Although rape is commonly used to describe acing a test, winning a fight or making light of a serious situation, it is a tragic, irreversible act of violence, committed against another person’s will. And as my FYCARE script reads: it is not sex. It is violence.
I am talking to you. As a University of Illinois student, you have most
likely taken the mandatory two hour-long workshop educating students about rape
and how to assist a survivor of sexual assault. At that time, however, it is unlikely you had been fully exposed to the culture that is glorified
through drug and alcohol abuse. Aside from that, there is a chance you overlooked it altogether, deciding it made you uncomfortable, or brushing it
aside as something you will never have to deal with yourself.
Take a look back at your college experience and decide for
yourself if you have ever had someone open up to you about feeling pressure to
do something they did not want to do, but felt forced. Or someone feeling obligated after accepting a drink from someone else. Or they felt guilty for not “putting out” after going to a date event with
someone. Chances are, due to the standards that are created through social
media, advertising and pop culture, one or more of these scenarios are easily
relatable to an instance in your own life. Absolutely all of these
scenarios have one thing in common: they are all a product of the rape culture
we live in. The number one takeaway is that it is okay to say no.
By all means, if you are interested in whomever was buying
you those vodka cranberries all night long, it is also okay to say yes. But, too
often, we are under the impression that accepting a drink is more than just that,
that it is some sort of transaction.

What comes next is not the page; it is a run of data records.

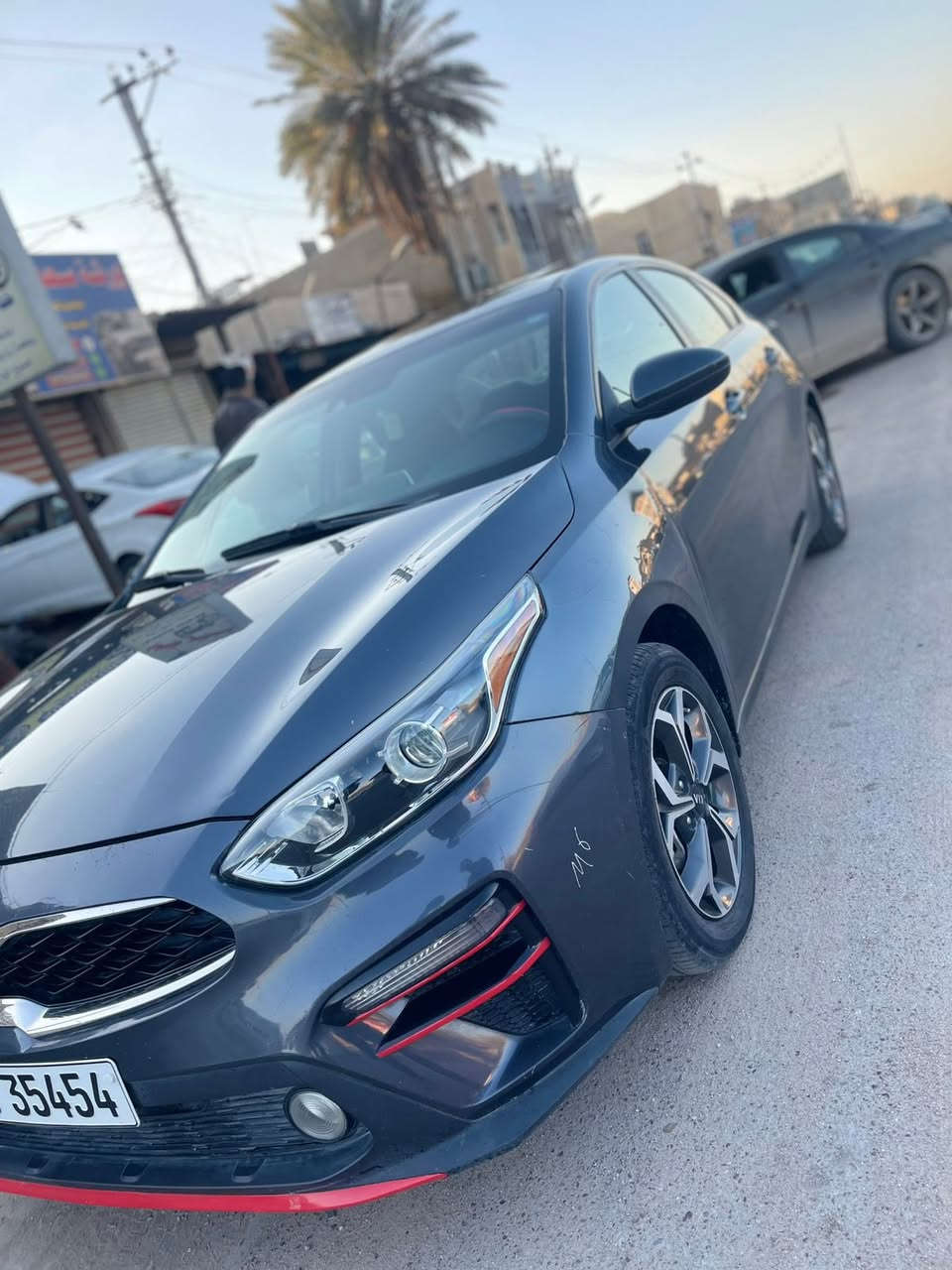 ً
السلام عليكم 

كيا فورتي ٢٠١٩ وارد امريكي حادثها جدا بسيط وبدون ايرباك فقط شبر بخشم البنيد مصلحها على كدها وموضحها يمك بلمنشور فقط شبر بلبنيد السياره رقم سليمانيه رقم وهزه وسنويه قبل شهر بسمي تحويل ثاني يوم وعندي طخه بلدعاميه الخلفيه البارحه طخني على وضعها السياره S فتحه رادار لد خلفي السياره ماشيه 86 وجديد وعلى وضع الشركه وماناقصها شي نضيفه كلش #السعر130العنوان النجف الكوفه 

***********
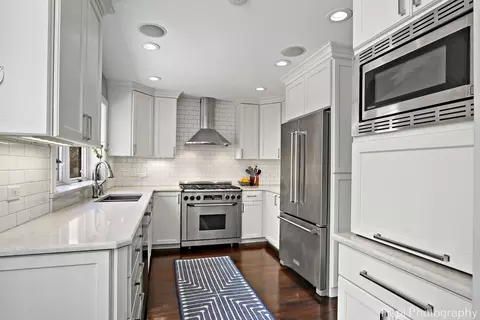 1340 N Sutton Pl, Chicago, IL 60610 photo 8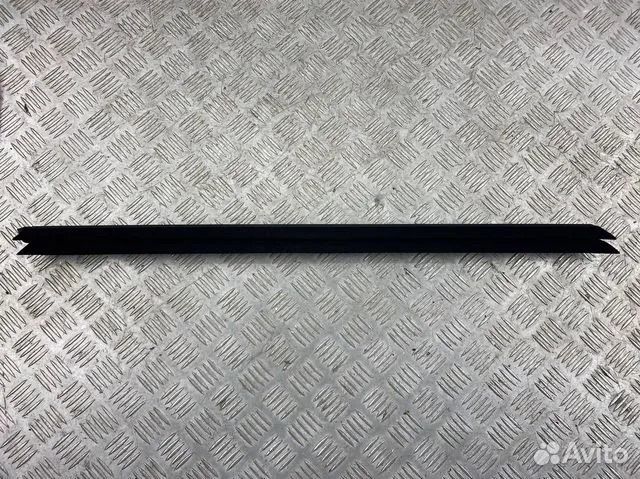 Уплотнитель стекла BMW X3 G01 (2017 - 2026), 51337393418 - фото №1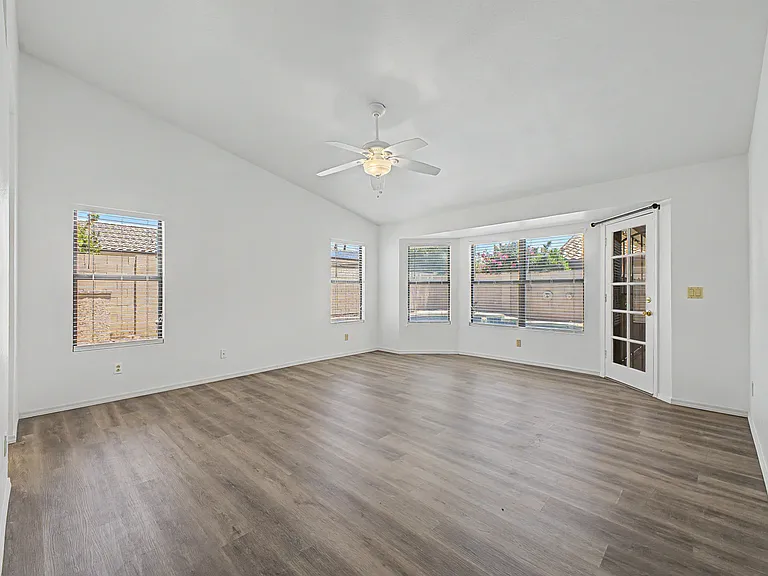 3103 N Meadow Ln — Photo 20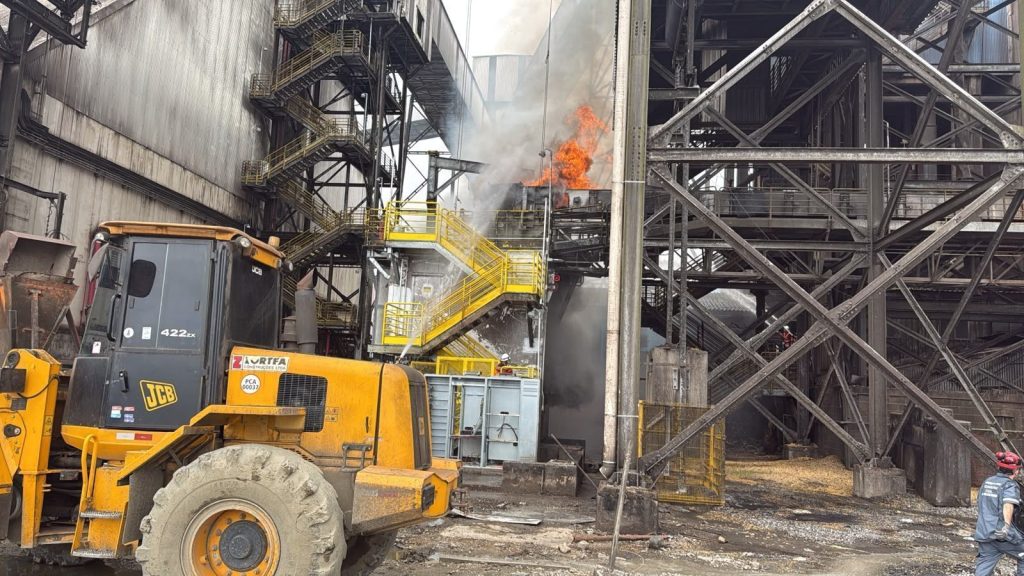 Incêndio no cais 12A do Porto de Santos começou numa esteira de terminal que atende a Nita Alimentos e reuniu Bombeiros, Guarda Portuária, brigada vizinha e rebocadores; APS diz que a operação do cais não foi afetada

Contrary to this popular belief, it is
absolutely, most certainly not. Sex is not a transaction. Sex is a gift given
purely by choice and through mutual consent between all parties involved. If
you are afraid that person will hate you for saying no after buying you all
those drinks, first of all, they do not seem like a very nice person. And second,
those dollar drinks -- or even the Trump fortune -- are not worth the slightest
next to what you choose to do with your body, and who you allow to be a part of that
experience.
Please, do not mistake this for being an anti-drinking, anti-partying rant. However,
alcohol is no excuse for poor judgment and taking control away from
another individual. As a FYCARE facilitator, I do my job because of how crucial
I think it is for everyone to open their eyes to these ideas we pass off as
norms, and realize that we all need to play a part in order to stop it from
continuing further and effecting more lives.

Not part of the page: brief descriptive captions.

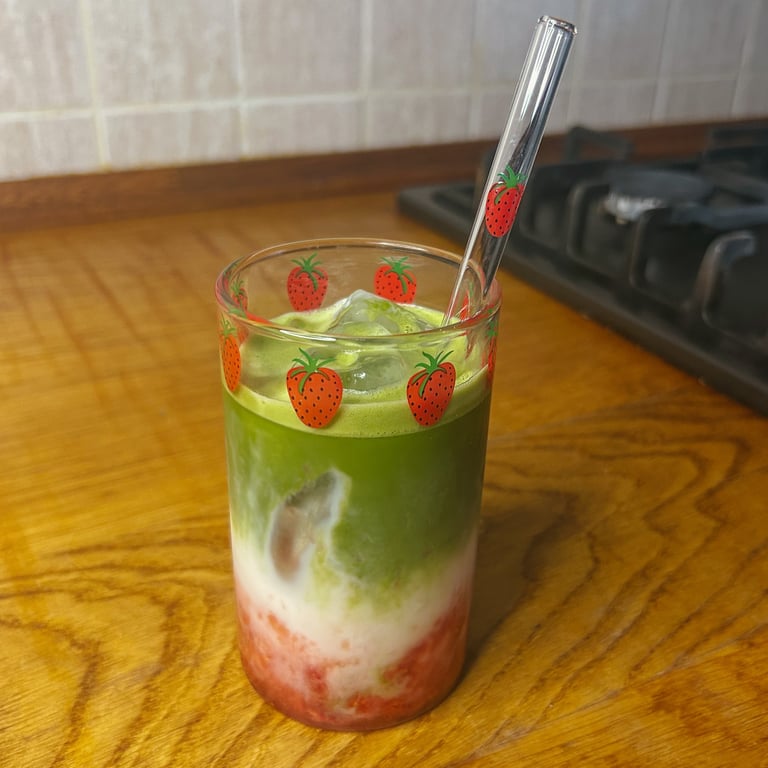 Matcha latte alle fragole | © Cookingwiththehamster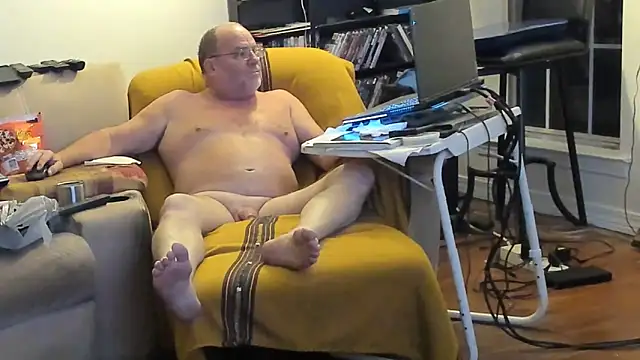 offroadnudist (M grandpa) - #american #blondes #cam2cam #cheap-privates #grandpas #hd #masturbation #medium #orgasm #small-audience #straight #white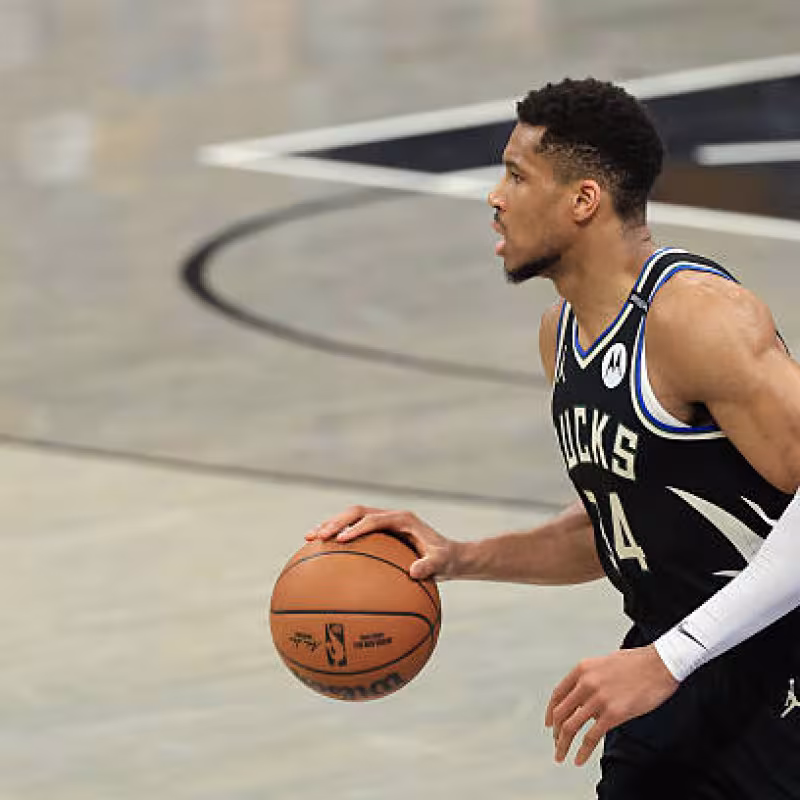 Giannis Antetokounmpo, futuro con Milwaukee Bucks. Foto: gettyimages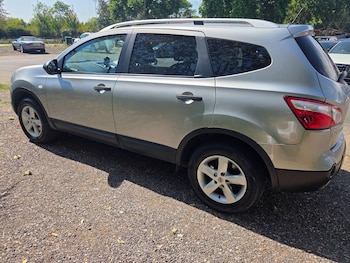 Used Nissan Qashqai+2 2010 for sale - 79590647: Photo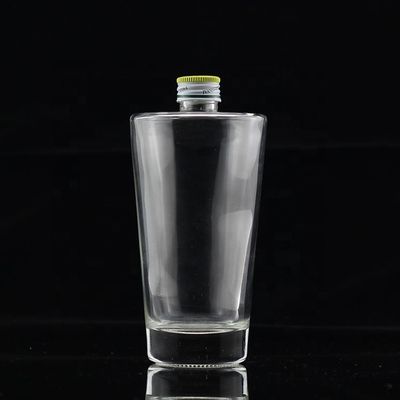 750 ml zware, heldere glasfles met een gouden metalen dop in bulk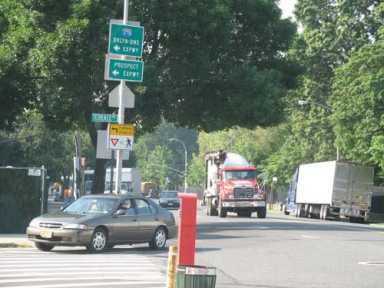 Push for new light at 10th Ave.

Not too long ago, I myself passed off with these pro-rape culture ideals as norms. After taking the CARE class (CHLH 199B), I am no longer that same individual. I see myself in a better light.
I want to get the message across that you should not be ashamed
of your body, whether it is slender, curvy, beefy or anything in between.

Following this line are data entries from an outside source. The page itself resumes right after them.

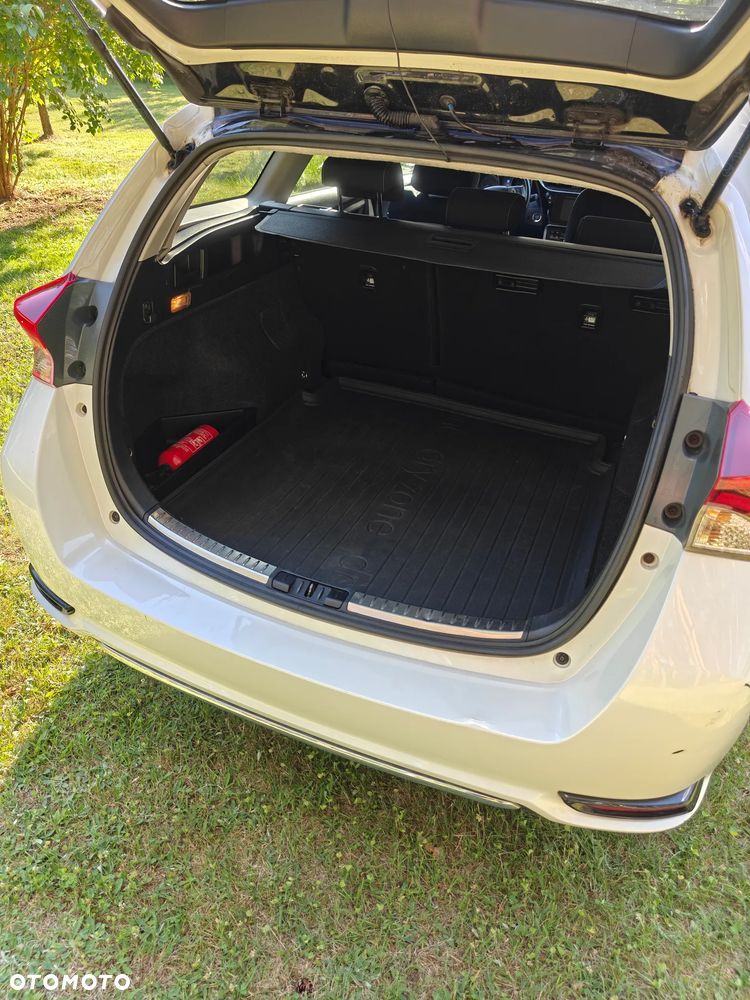 Toyota Auris Hybrid 135 Selection - 8
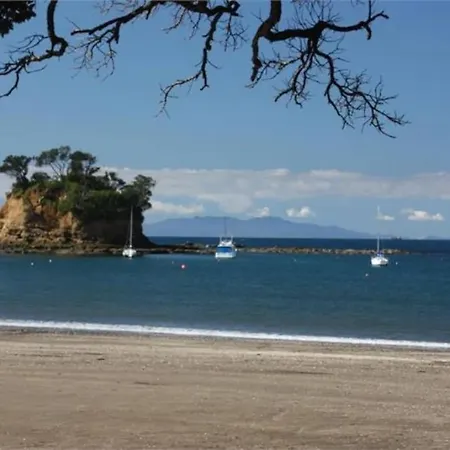 Northshore Cliff-Top Hideaway, Expansive Sea Views-2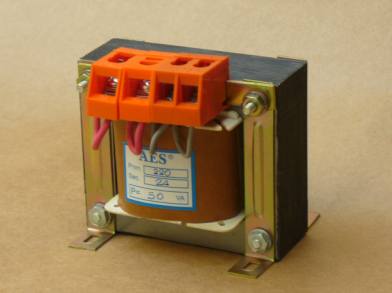 TRAFO 2200VA C/ ESCUADRA Y BORNERA. ENT: 220 – 380 – 440 – 480 VAC.  SAL: 110 - 220 VAC  50Hz. Corriente max: 10 A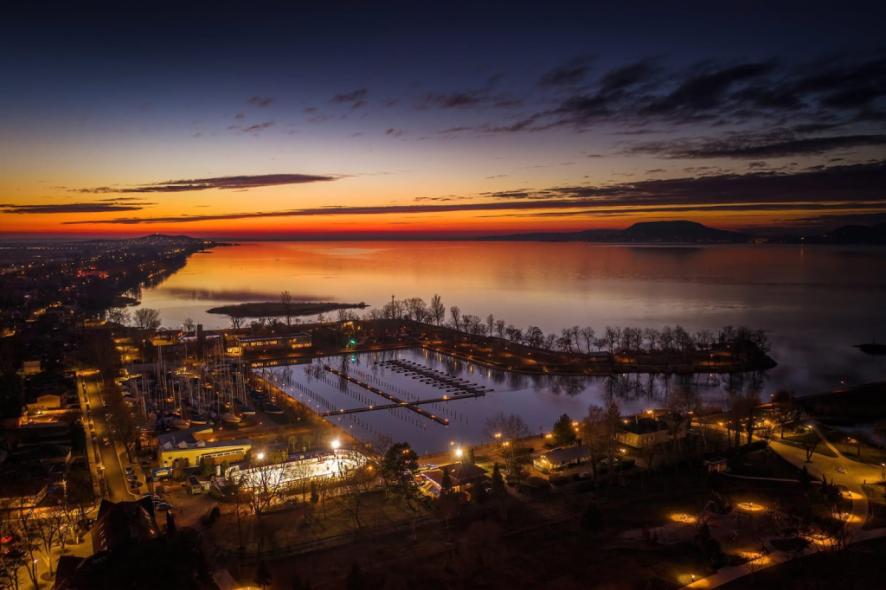 Balatonboglári jégpálya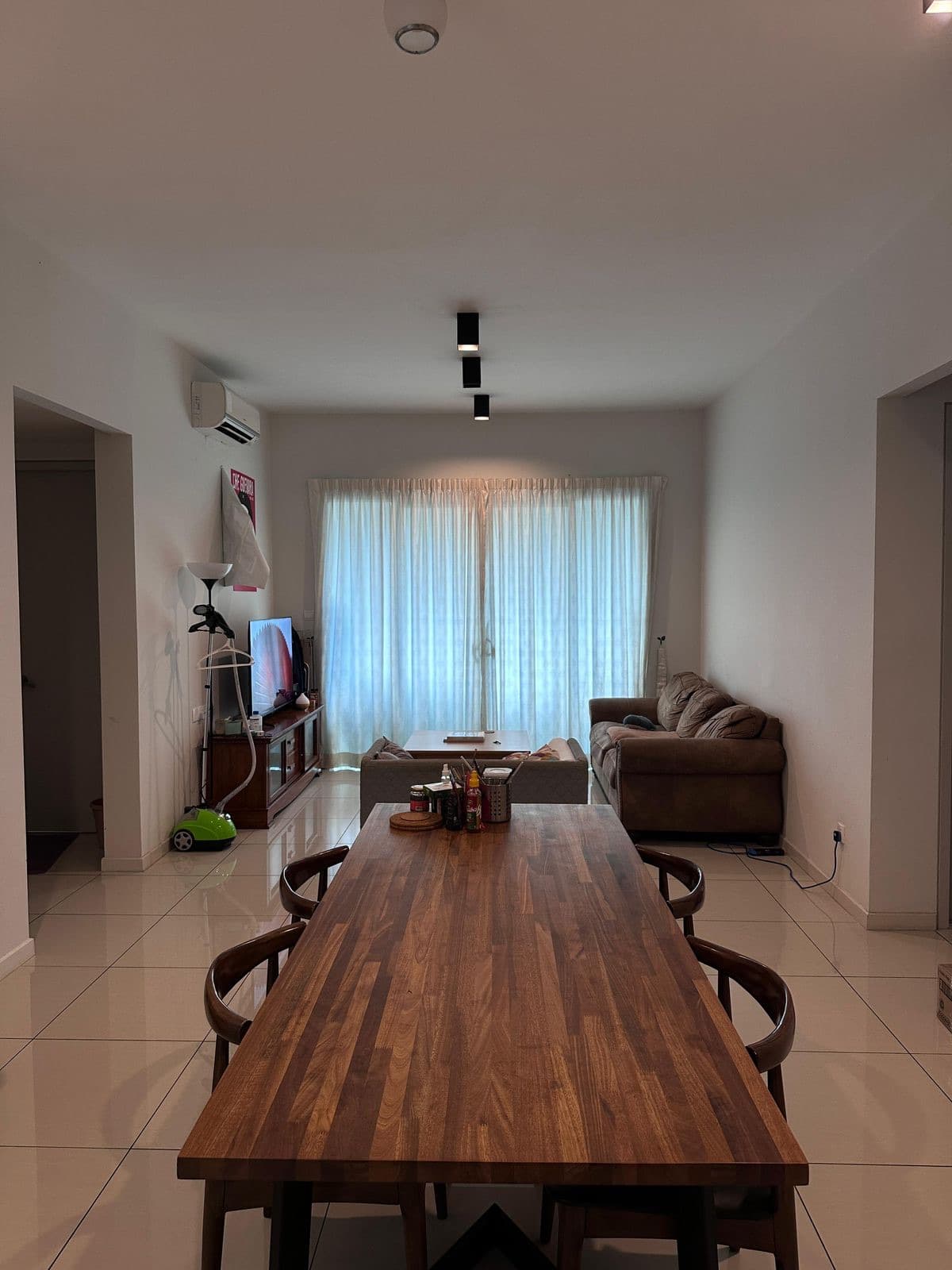 Room Available - Image 2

Do not be afraid to dress how you want or do what you want, as long as you are comfortable in your skin. We should never blame ourselves for something that happened
to us if it was out of our control. Be careful, be safe, but be yourself.
Guys, this goes for you, too. We are told that women are the only victims
of sexual assault, but that is totally false. One in 16 men are
sexually assaulted in their undergraduate career, and that is no reason for that
man to feel any less of a man than they are. It is not the victim’s fault, it is the perpetrator’s.
Thankfully, our university has several resources for every
student, whatever gender they identify with, to help a survivor cope with a
sexual assault, as well as provide resources to file a claim against the
perpetrator and everything in between. The Counseling Center, located in the
Turner Student Services building at the corner of Sixth and John, provides
counseling and other resources for survivors. The Women’s Resource Center,
located next to Coco Mero on Wright Street, is another great resource for help
and support and it is not just for women, it is available to anyone at all. R.A.C.E.S.,
or the Rape Advocacy, Counseling and Education Services, is also a great outlet
and offers an absolutely free 24/7 hotline service that can be reached at (217)
344-6604. All of these resources are confidential and free of
charge.
Although much more can be said on the topic of sexual
assault and rape culture, I wanted to delve into it and do a recap of
what students learn in FYCARE because it does not just end after a two-hour workshop.
Rape is something that needs to be talked about and
discussed, openly, to prevent it from happening. If you, or someone you know, is a survivor of sexual assault, remember that it is not the
victim’s fault and we are here to help. All of us need to do our part in ending
rape culture. You can start by only using the word in its proper context.